- _WORK TO COMPLETE_: Output only the lines below from the one holding "Platinum Golden Ale - Pack 6 Cans" down to the one holding "Бра на стену", both end lines included and every picture dropped.

- _DATA SHOWN_:
※ ※ ※

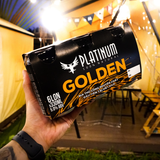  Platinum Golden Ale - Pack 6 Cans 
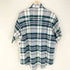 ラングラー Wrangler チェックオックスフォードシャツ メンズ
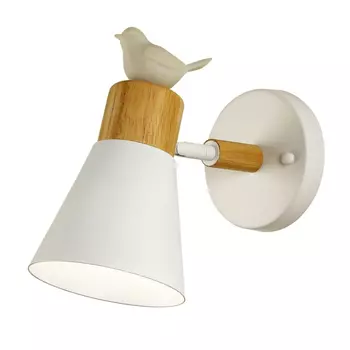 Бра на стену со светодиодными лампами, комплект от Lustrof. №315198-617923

※ ※ ※

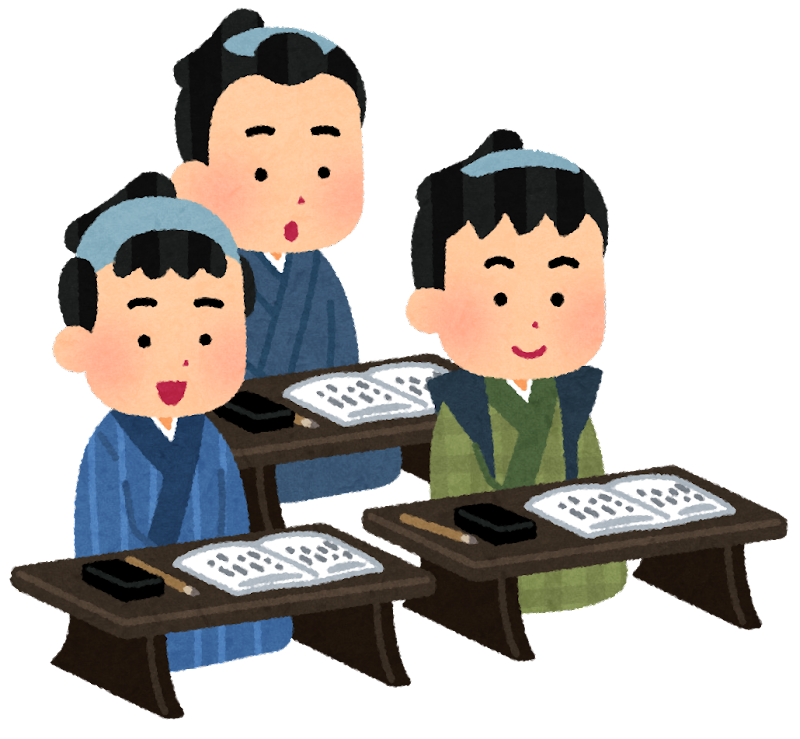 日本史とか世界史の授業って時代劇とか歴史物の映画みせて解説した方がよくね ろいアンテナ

※ ※ ※

- _FINISHED TASK_:
  Platinum Golden Ale - Pack 6 Cans 
 ラングラー Wrangler チェックオックスフォードシャツ メンズ
 Бра на стену со светодиодными лампами, комплект от Lustrof. №315198-617923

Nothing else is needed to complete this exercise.